Erfreulicher sah es an den Brettern 4 und 5 aus. Reinhold Happe gegen Fabian Stotyn und Tammo Lewin gegen Ingo Oehne hatten bereits schnell die Initiative übernommen und aussichtreiche Positionen. Locke und Ludger Höllmann hatten offenbar stillschweigend vereinbart, keine Theorievarianten zu spielen. So mussten sie schon ab dem 2. Zug selber denken. Es zeichnete sich eine zähe Auseinandersetzung ab.
An 7 und 8 lief die Eröffnung nicht optimal. Sowohl Franz als auch Hajo spielten eher passiv und überließen ihren GegnerInnen die Initiative. Folglich musste zunächst der Verteidigungsmodus eingeschaltet werden. Zusammenfassend konnte aber von einem ausgeglichenen Mannschaftskampf gesprochen werden.
An Brett 1 konnte der Nordhorner mit seiner gewohnt sachlichen Spielweise Ingos Attacke abwehren, verblieb aber in einer leicht passiven Stellung, so dass sich die Kontrahenten auf Remis einigten, was auch aus unserer Sicht ein durchaus gelungener Auftakt war.
Dann kam das Pech…
Tammo verspielte durch ein bis zwei ungenaue Züge seinen Vorteil. Die Partie verflachte zu einem ausgeglichenen Endspiel und wurde folgerichtig auch Remis.
Dann aber sorgte Reinhold für die Führung. Aus der Eröffnung heraus konnte er seine Stellung kontinuierlich verbessern, vertrippelte seine Schwerfiguren auf der e-Linie, gewann erst einen, dann noch einen Bauern und wickelte scheinbar mühelos in ein leicht gewonnenes Bauernendspiel ab. Eine beeindruckende Performance nach der langen Pause. Und wenn man dann noch sein recht zügiges Spiel berücksichtigt, kann getrost festgestellt werden, dass das dauerhafte Lichess-Spielen offenbar nicht schadet.
An den Brettern 7 und 8 stellten sich aber langsam Probleme ein.

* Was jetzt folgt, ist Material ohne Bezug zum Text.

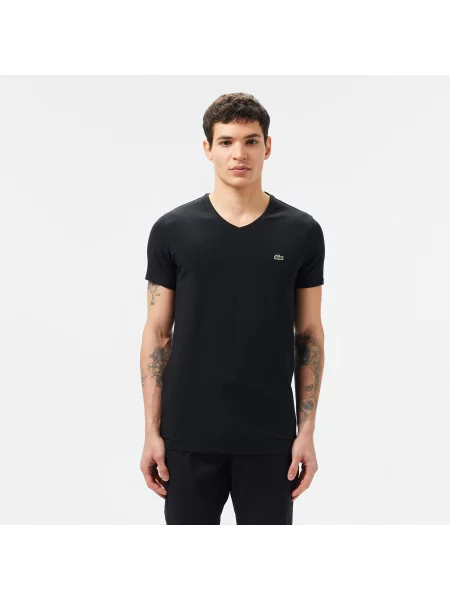 Lacoste футболка чоловіча з V-вирізом чорна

Sowohl Hans Plasmann (Foto) als auch die junge Nachwuchshoffnung Anna Wilmink spielten sehr konsequent und taktisch versiert auf Angriff. Auch wenn die Stellungen bei sehr genauem Spiel noch hätten im Gleichgewicht gehalten werden können, mussten wir an beiden Brettern letztlich die Segel streichen, so dass der Kampf gedreht war und die Nordhorner nun bereits den Sieg vor Augen hatten. Zumal Locke trotz erkämpftem Mehrbauer im Doppelturmendspiel aufgrund der Aktivität des Gegners nicht über eine Punkteteilung hinauskam.

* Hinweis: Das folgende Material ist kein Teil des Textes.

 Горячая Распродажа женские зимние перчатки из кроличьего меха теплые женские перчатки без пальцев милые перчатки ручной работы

…und schließlich erloschen die Hoffnungen!
Die Hoffnungen auf einen Auftakterfolg waren damit praktisch erloschen, da an den Brettern 2 und 3 keine wirklichen Gewinnaussichten bestanden. Allerdings verloren hätten beide Partien nicht werden müssen.

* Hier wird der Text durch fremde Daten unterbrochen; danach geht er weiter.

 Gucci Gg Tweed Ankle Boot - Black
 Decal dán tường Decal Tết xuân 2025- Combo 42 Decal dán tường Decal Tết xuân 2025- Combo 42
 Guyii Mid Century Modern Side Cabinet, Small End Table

Ich wickelte zunächst korrekt in ein eigentlich ausgeglichenes Endspiel ab, sah dann aber plötzlich das Gespenst eines Sargnagels auf h3, was mich zu der Kurzschlusshandlung gxh4?? veranlasste. Danach drang der schwarze Turm ein und paralysierte bei ungleichfarbigen Läufern die weiße Stellung, was FM Bertholee anschließend genüsslich und souverän zum vollen Punkt nutzte.
Bei Holger war zwar in der Abwicklung vom Mittelspiel ins Endspiel ein Bauer verloren gegangen, es ergab sich aber ein theoretisches und klassisches Remis-Turmendspiel. Trotz des bereits gewonnenen Mannschaftskampfes unternahm der Nordhorner aber weitere Gewinnversuche, die Holger zunächst locker abwehrte. Doch die Zeit wurde knapper und schließlich spielte er nur noch mit Inkrement. Da schlichen sich dann nach 6,5 Stunden doch angesichts der fehlenden Wettkampfpraxis noch Ungenauigkeiten ein und tatsächlich ging auch diese Partie noch an Nordhorn.
Somit stand eine letztlich zu hoch ausgefallene, aber nicht unverdiente Niederlage zu Buche. Bei optimaler Chancenverwertung wären aber auch ein 4:4 oder ein knapper Sieg möglich gewesen, was für die nächsten Aufgaben Mut machen sollte.